The announcement of BlackRock and JPMorgan’s involvement in manoeuvring their interests in  Ukraine to launch a so-called “recovery bank” raises many sceptical questions about the intentions of these leading US investment banks. While the objective is to raise hundreds of billions of dollars for Ukraine’s reconstruction, there are underlying concerns about the true motives behind this initiative.

One notable aspect is the “blended finance” approach, where low-cost loans from other states, donors, (Who they are is not known) and international financial institutions (IFIs) will be attracted. The intention is for these loans to be significantly larger than private investments, amounting to hundreds of billions of dollars. This raises suspicions about the control and influences that these external actors may have over Ukraine’s economic recovery.

The estimated cost of reconstruction varies widely, ranging from $411 billion to as high as $1 trillion when considering all economic costs. It is worth questioning whether the involvement of BlackRock and JPMorgan is driven by genuine concern for Ukraine’s welfare or if they see it as an opportunity to profit from a potentially lucrative venture as the state of the Special Operation indicates that Russia is slowly obtaining more and more ground each day.

The decision to have BlackRock and JPMorgan manage the fund pro bono may seem altruistic at first glance. However, it also gives these investment banks an inside track and early access to potential investment projects, raising questions about their long-term financial gains from this endeavour.
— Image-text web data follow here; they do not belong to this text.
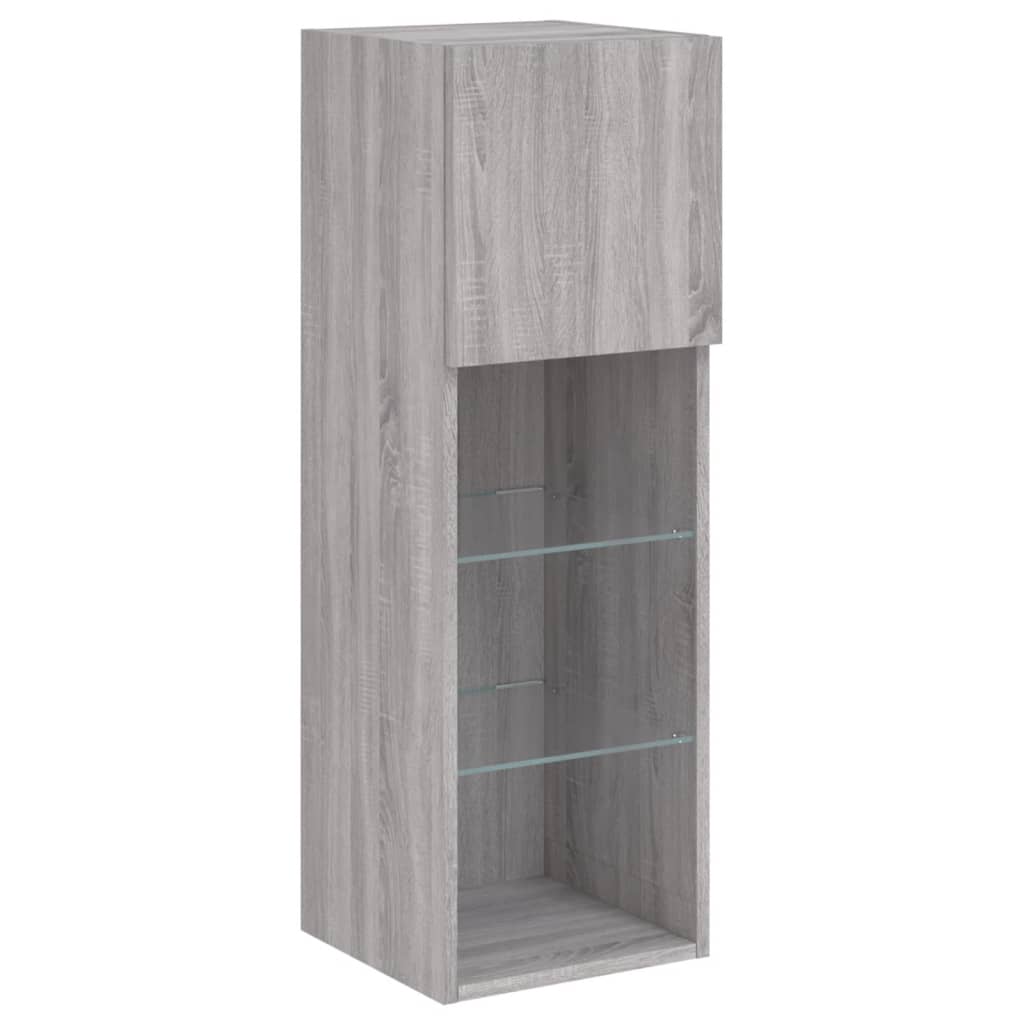 Móvel de TV com luzes LED 30,5x30x90 cm cinzento sonoma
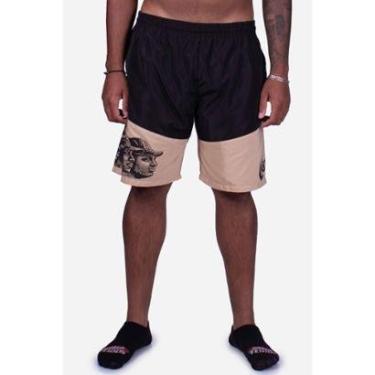 Imagem de Bermuda Compton Tactel Gangsta Woodcut Preto/Caqui-Masculino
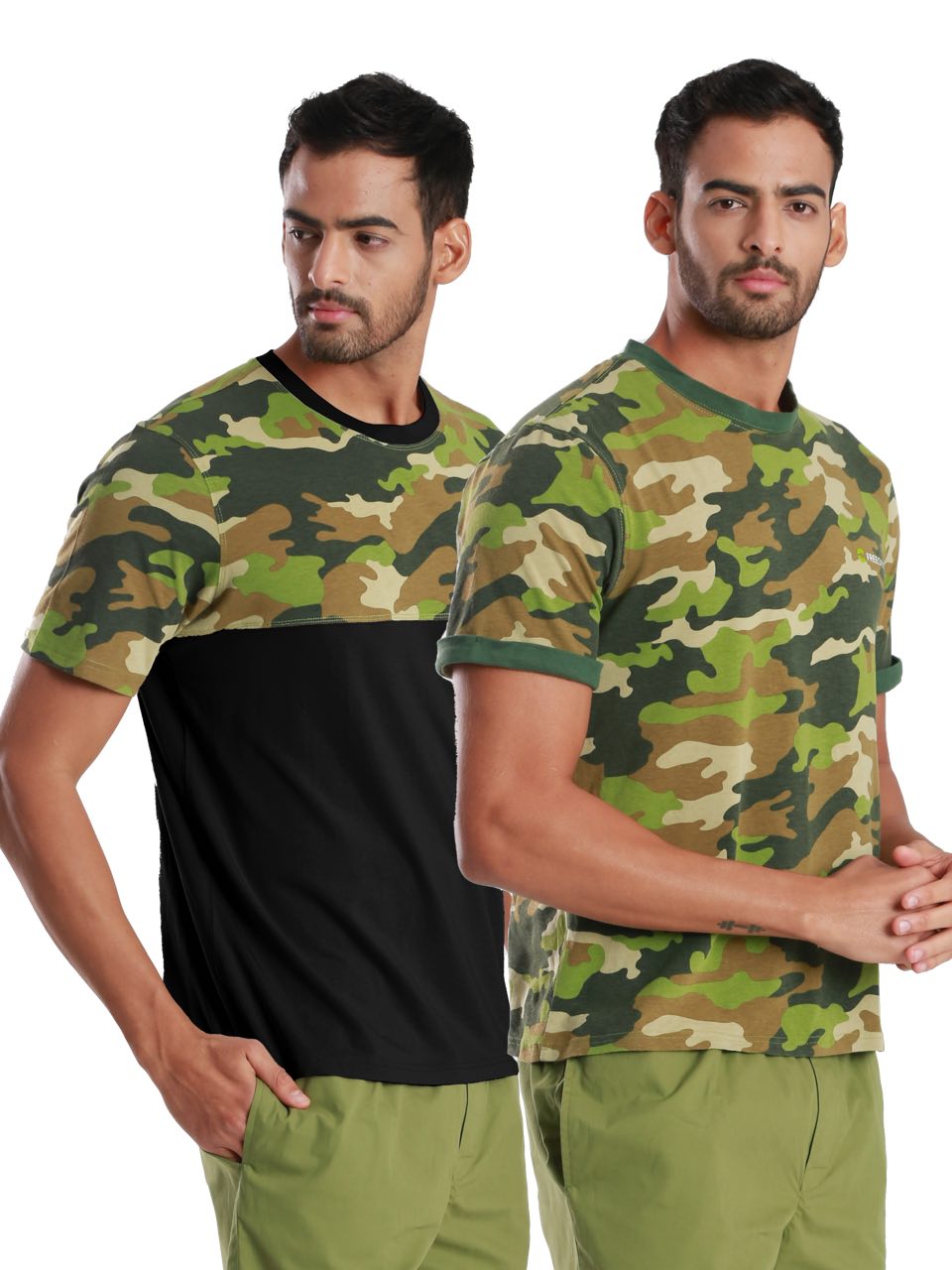 Regular Fit Half Sleeve Micro modal Camouflage Printed Tees-Pack of 2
Furthermore, concerns about Ukraine’s corporate governance, lack of transparency, corruption, and shallow capital markets cannot be ignored. By stacking the fund’s board with high-profile international investors and government officials, there is an attempt to address these concerns. However, it remains to be seen whether this will genuinely address the underlying issues or merely provide a cosmetic fix to attract investors. Keeping in mind Huter Bidens’ appointment to Burisma, an energy company that he had no experience in.

Another significant challenge is the investment risk associated with the ongoing conflict and potential frozen conflict in Ukraine. Private investors may hesitate to commit significant capital in a volatile environment with the threat of renewed hostilities. The involvement of these investment banks may be seen as a calculated move to capitalize on the country’s post-war reconstruction while minimizing their own financial risks.
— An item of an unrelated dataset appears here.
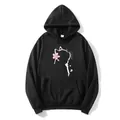 Schwarzer Oversize-Hoodie für Damen mit weißer Katzen-Silhouette und Kirschblüten-Print - S / Schwarz
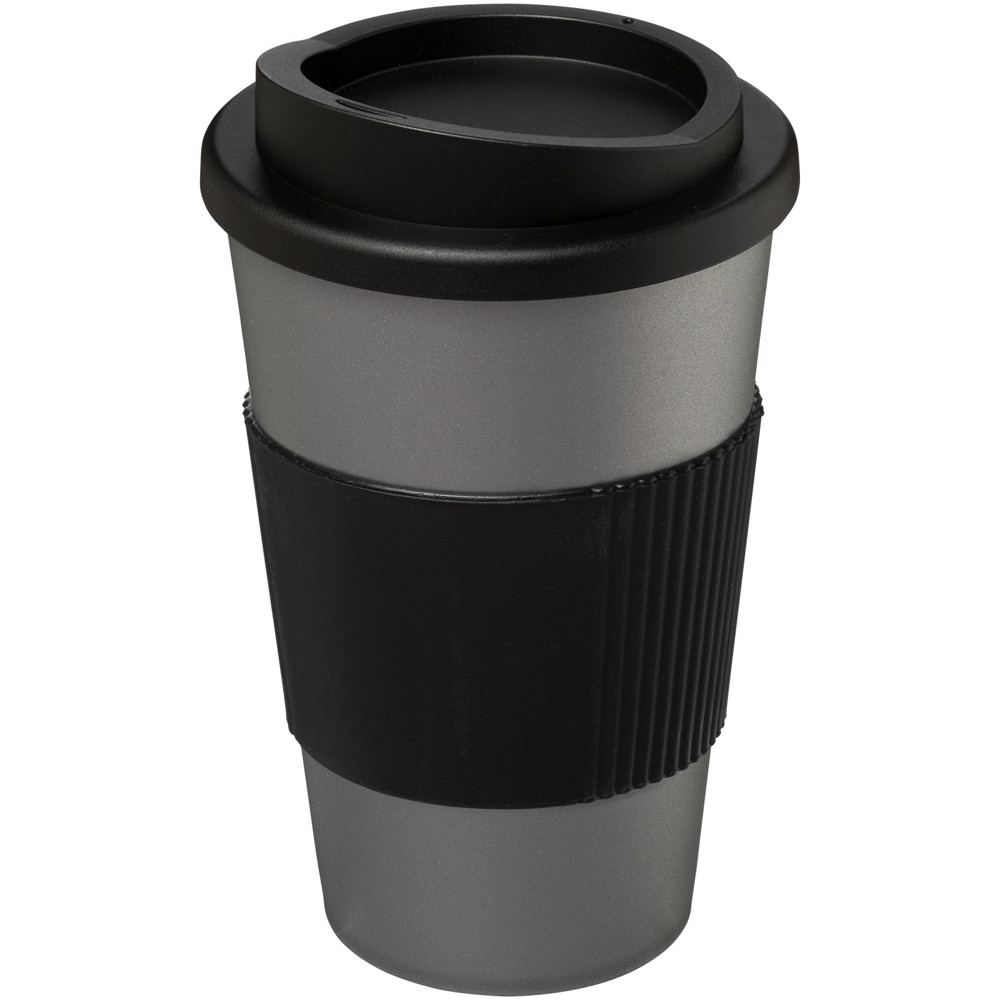 Americano® 350 ml Isolierbecher mit Schutzring - silber, schwarz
Moreover, the efforts to lobby non-directly involved countries, such as Saudi Arabia and Turkey, to participate in the reconstruction conference raise questions about the broader geopolitical motivations at play. It is essential to scrutinize whether these countries’ involvement is driven by genuine support for Ukraine or if it serves as a means to assert influence and send signals to other global powers.
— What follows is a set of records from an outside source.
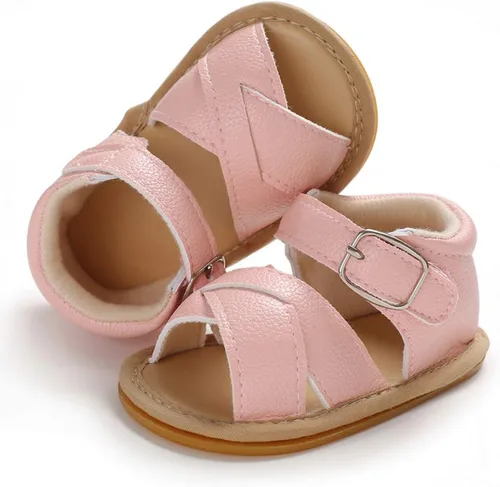 SOFMUO Sandalias brillantes con lazo para bebés, niñas y niños, suela de goma antideslizante y suave de primera calidad, zapatos de verano para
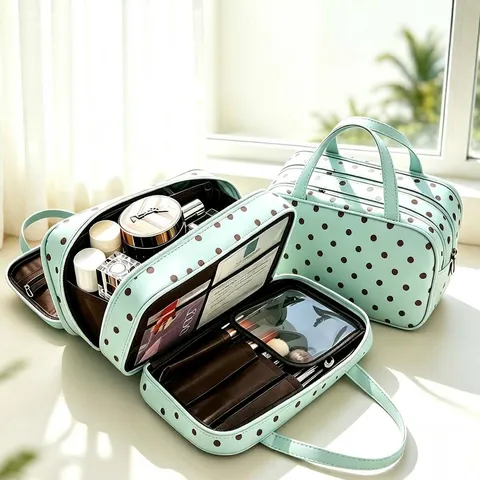 Large Capacity Polka Dot Makeup Bag Waterproof Travel Toiletry Bag Multi-Compartment Portable Storage Organizer Bag For Women
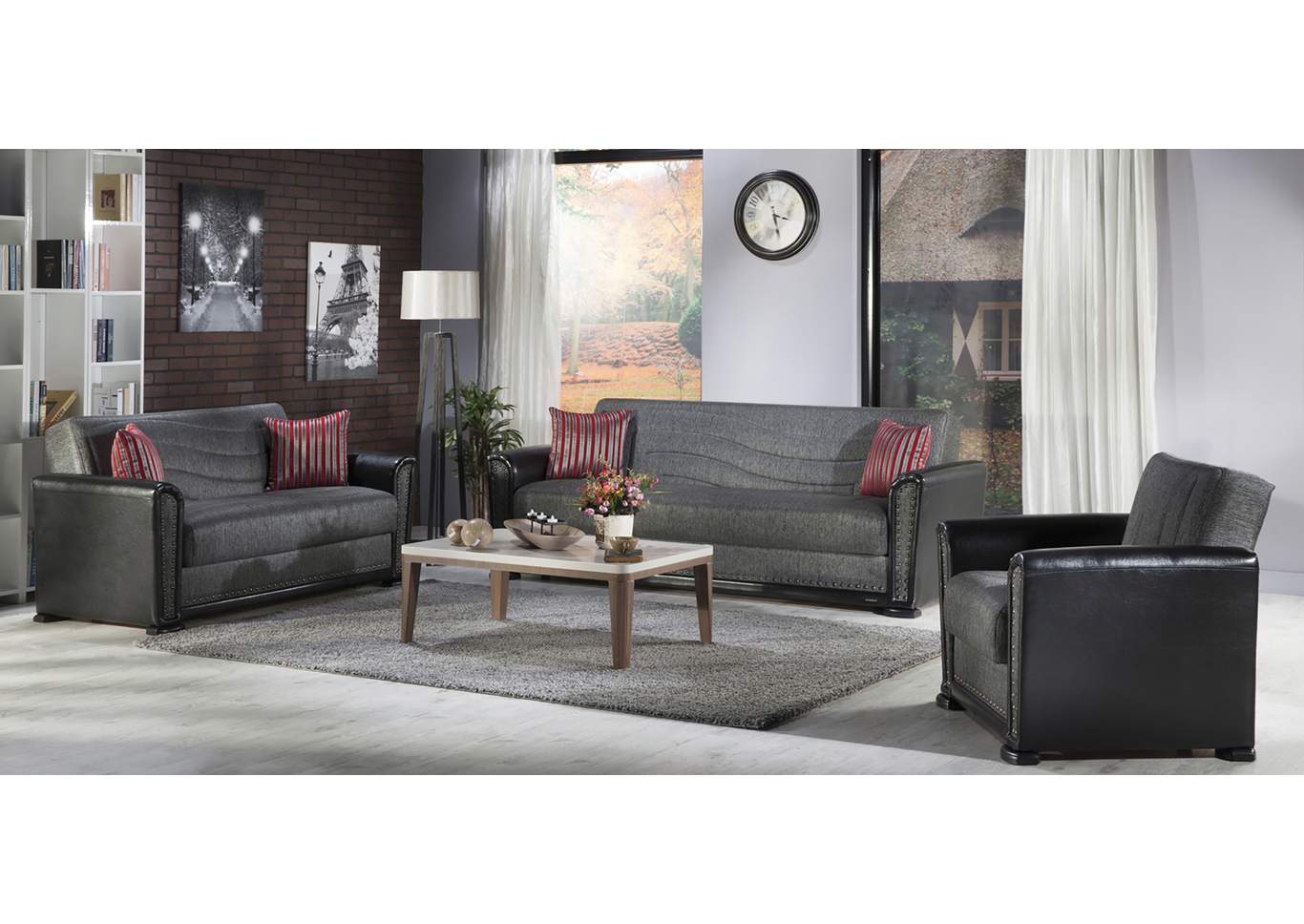 Alfa Redeyef Fume Love Seat W/ Storage,Hudson Furniture & Bedding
Additionally, the use of frozen Russian assets for Ukraine’s reconstruction adds another layer of complexity. The legal challenges surrounding seizing and transferring ownership of these assets raise doubts about the feasibility and legitimacy of this approach. This move to open up this reconstruction bank may be a smoke screen to siphon off all the Russian assets frozen in foreign government hands.

In conclusion, while the launch of a recovery bank with the assistance of BlackRock and JPMorgan appears to be a positive step towards Ukraine’s reconstruction, a sceptical lens reveals potential ulterior motives behind the involvement of these investment banks. It is crucial to closely monitor the dynamics of this initiative and ensure that it genuinely serves the best interests of Ukraine and its people, rather than being driven primarily by the profit-seeking agenda of external actors. Keeping in mind BlackRock and J.P. Morgan never do anything that is not in their shareholders’ interests.